– Es un plan minuciosamente elaborado -dijo Virgilio-, no puede imaginarse hasta qué punto. Yo colaboré, lo confieso, debido a cierta promesa. Pero esa promesa no se ha cumplido, y por eso he decidido contarlo todo.
Uno de los relojes digitales del Paseo de la Castellana mostró los tres ceros, dando comienzo así al martes 27 de abril. El tráfico no era denso a medianoche y el pequeño Peugeot de Virgilio podía seguir con facilidad al Audi oscuro en que viajaba Neirs. Éste se había presentado en mi casa puntualmente para recoger los folios que había escrito sobre Natalia Guerrero. «No hay tiempo que perder -dijo-. Intentaré que los publiquen mañana mismo.» Virgilio, que ya había llegado, aguardaba escondido en mi despacho.
– Sigámoslo -me indicó en cuanto Neirs se marchó-. Así se convencerá usted de que no le miento.

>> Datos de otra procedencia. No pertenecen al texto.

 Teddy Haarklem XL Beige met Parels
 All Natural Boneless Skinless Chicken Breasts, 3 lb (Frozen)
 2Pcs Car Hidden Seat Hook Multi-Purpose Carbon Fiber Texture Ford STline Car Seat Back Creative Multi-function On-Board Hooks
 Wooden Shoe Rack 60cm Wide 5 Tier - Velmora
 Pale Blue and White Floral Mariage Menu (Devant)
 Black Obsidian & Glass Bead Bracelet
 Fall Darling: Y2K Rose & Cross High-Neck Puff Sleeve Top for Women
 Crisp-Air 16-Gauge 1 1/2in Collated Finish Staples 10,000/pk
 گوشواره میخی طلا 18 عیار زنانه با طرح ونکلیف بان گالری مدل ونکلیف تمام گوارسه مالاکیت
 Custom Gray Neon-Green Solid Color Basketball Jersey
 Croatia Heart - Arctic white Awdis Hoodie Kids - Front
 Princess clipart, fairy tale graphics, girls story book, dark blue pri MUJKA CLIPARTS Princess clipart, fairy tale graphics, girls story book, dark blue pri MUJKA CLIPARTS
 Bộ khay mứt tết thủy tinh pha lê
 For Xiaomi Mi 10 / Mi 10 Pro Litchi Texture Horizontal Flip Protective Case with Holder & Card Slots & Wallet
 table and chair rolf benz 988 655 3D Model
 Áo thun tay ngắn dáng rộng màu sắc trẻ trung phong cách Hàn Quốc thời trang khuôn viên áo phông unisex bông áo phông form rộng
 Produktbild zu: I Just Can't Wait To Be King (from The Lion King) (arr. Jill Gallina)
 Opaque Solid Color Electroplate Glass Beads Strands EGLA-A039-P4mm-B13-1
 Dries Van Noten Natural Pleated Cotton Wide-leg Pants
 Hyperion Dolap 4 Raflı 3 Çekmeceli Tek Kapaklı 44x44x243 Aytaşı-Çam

No había querido revelarme nada. Lo único que logré comprender fue que ambos habían representado un papel fundamental en aquel engaño, pero que él había optado por delatarlo debido a que se sentía traicionado. El resto, Virgilio lo dejaba a mi imaginación. Sólo de vez en cuando, mientras conducía (hundiendo con su cuerpo la cima de una colina de almohadones), se volvía hacia mí para plantearme diversos enigmas. ¿Sabía yo que en los archivos de la policía de tráfico no constaba ningún accidente de tráfico en la M30 la noche del 13 de abril? ¿Sabía que la clínica privada a la que me trasladaron era tan privada que carecía de pacientes? Yo lo escuchaba con los ojos muy abiertos.
– Ah, pero, claro, usted qué va a saber. Usted ha perdido la memoria, y eso era parte del plan. -Y, de improviso, lanzaba frases como-: Los perros ladran a nuestro alrededor, señor Cabo. -Pero yo no podía entender a qué se refería.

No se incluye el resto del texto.